• YOUR TASK
Starting at the line that contains "奔驰A级 2023款 A 200 L 时尚型中控内饰18" and stopping after the line that contains "Custom Hot Wheels", transcribe the listing below exactly; do not include any pictures.

• DATA EXCERPTS
--
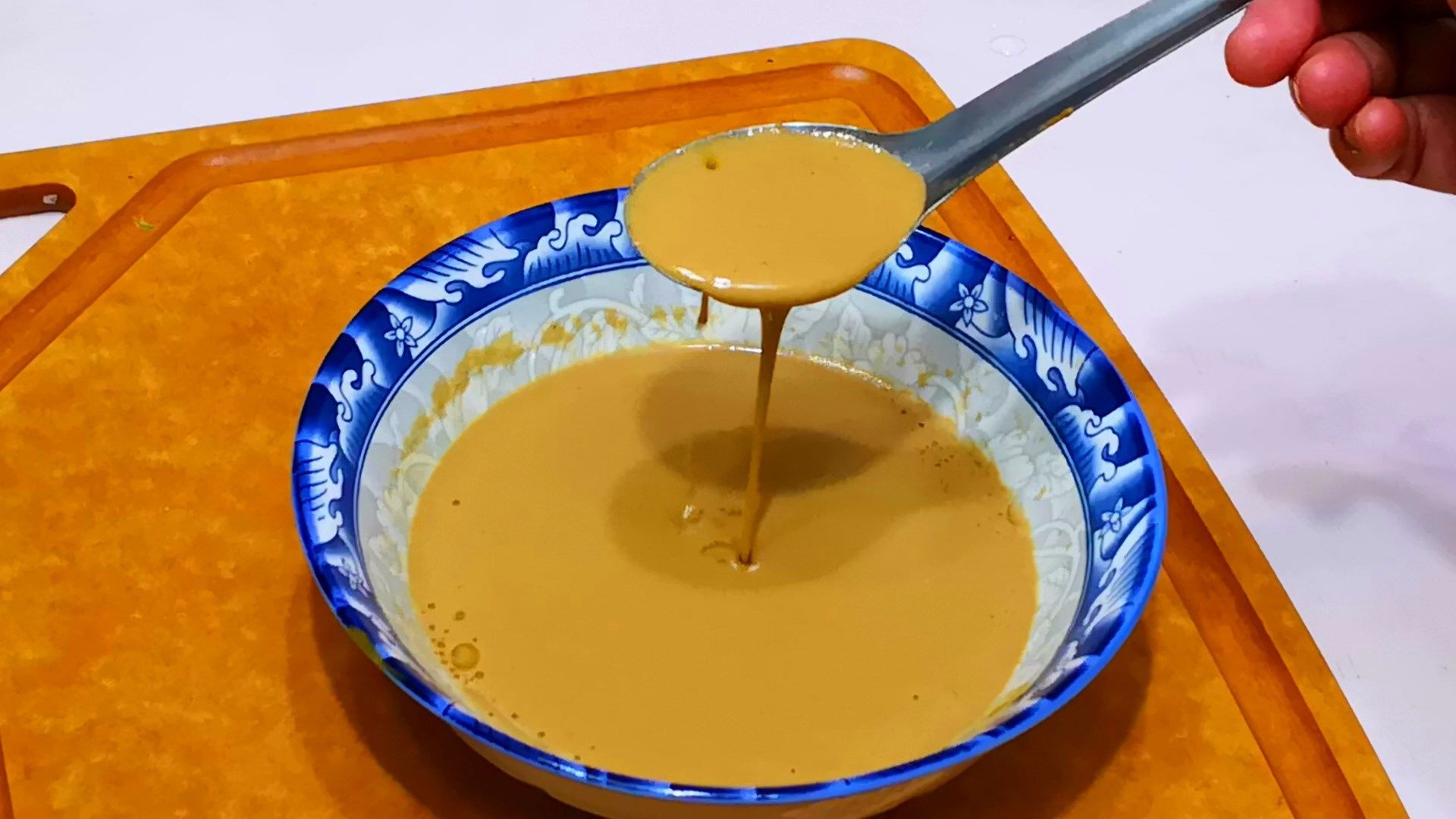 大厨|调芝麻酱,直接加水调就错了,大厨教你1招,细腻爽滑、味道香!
--
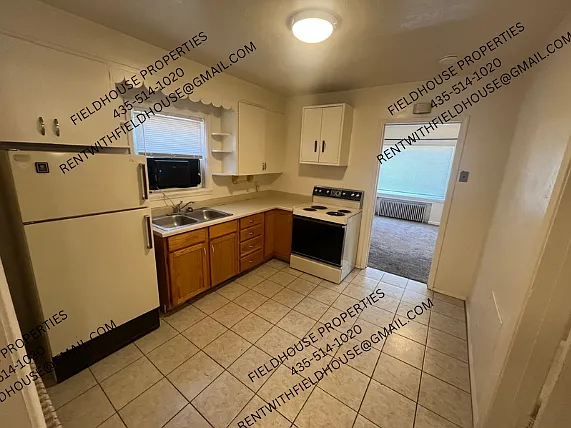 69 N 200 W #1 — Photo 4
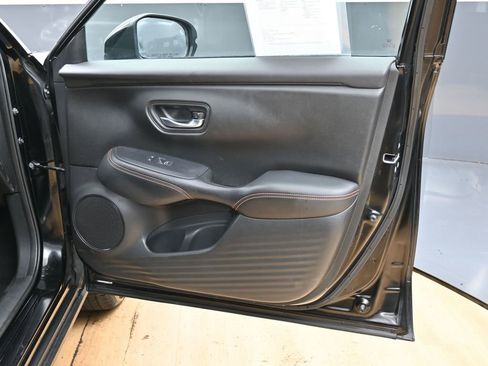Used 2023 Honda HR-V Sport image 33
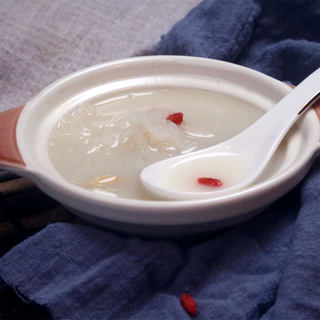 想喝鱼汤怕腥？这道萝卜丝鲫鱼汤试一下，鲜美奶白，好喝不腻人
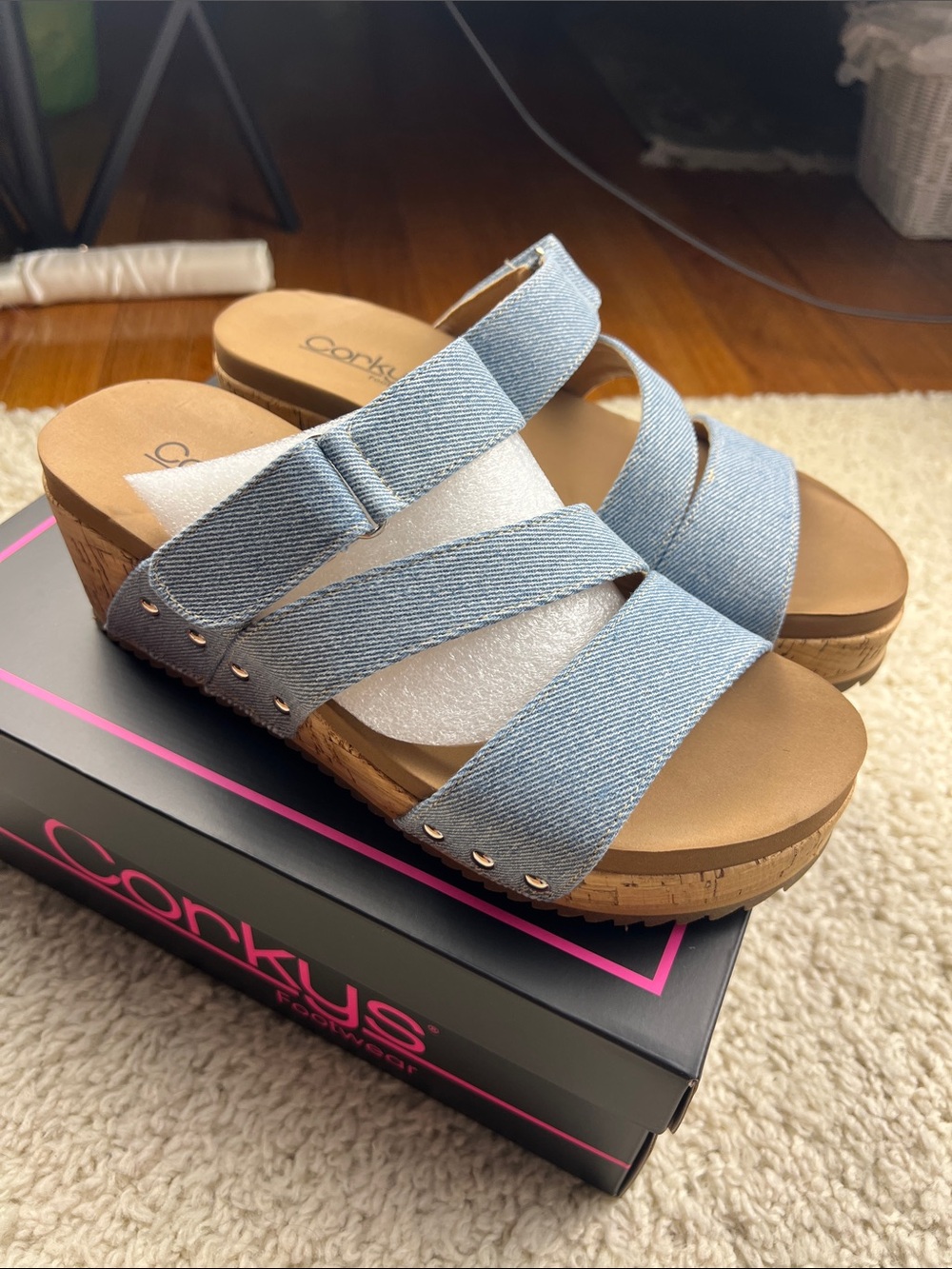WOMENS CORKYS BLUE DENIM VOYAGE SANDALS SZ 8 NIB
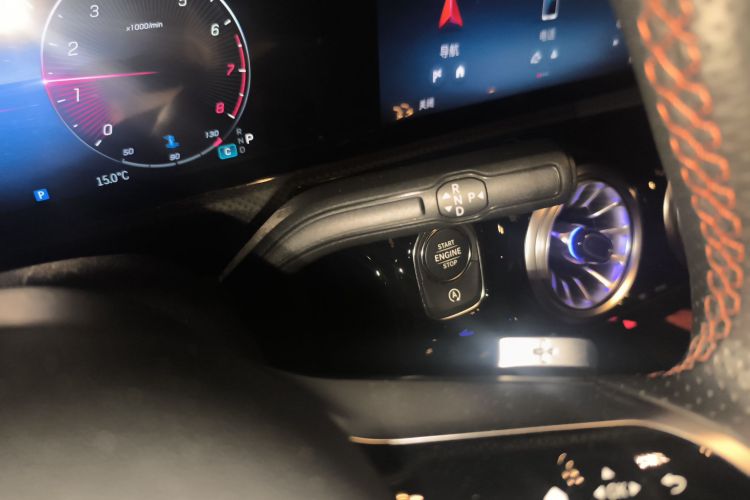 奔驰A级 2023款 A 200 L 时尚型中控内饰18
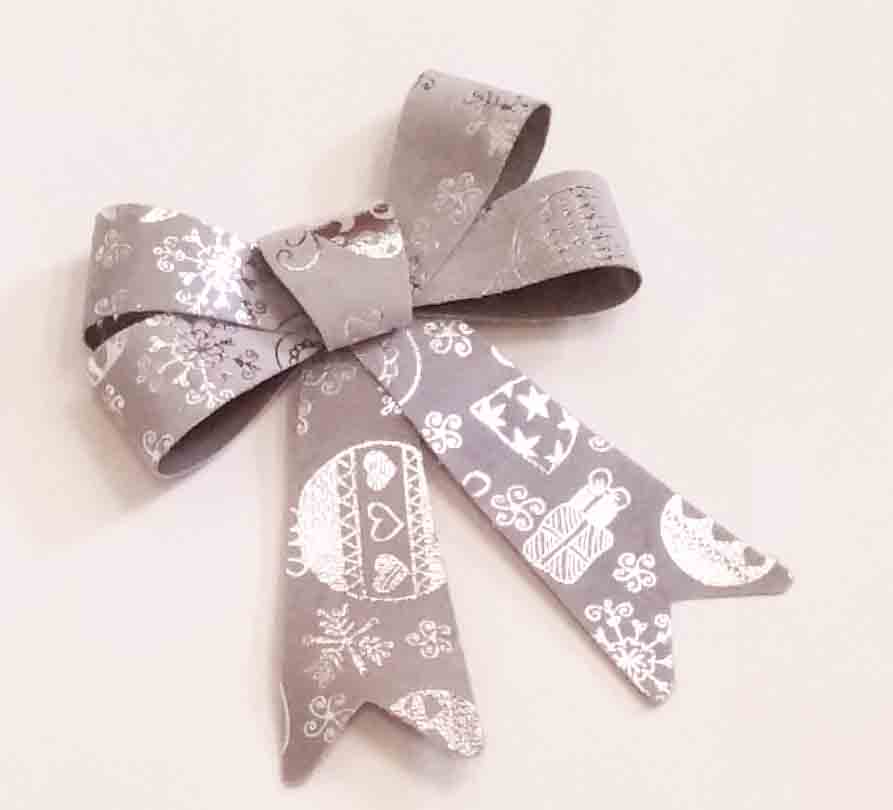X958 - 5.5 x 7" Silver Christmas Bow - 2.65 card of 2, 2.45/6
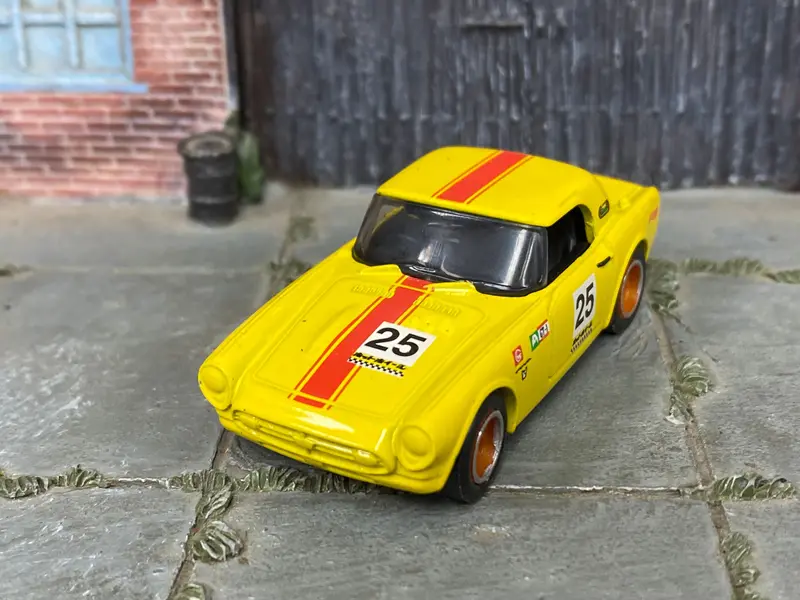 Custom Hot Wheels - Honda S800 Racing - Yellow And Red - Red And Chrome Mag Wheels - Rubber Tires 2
--
• ANSWER TO THE PROBLEM
 奔驰A级 2023款 A 200 L 时尚型中控内饰18
X958 - 5.5 x 7" Silver Christmas Bow - 2.65 card of 2, 2.45/6
 Custom Hot Wheels - Honda S800 Racing - Yellow And Red - Red And Chrome Mag Wheels - Rubber Tires 2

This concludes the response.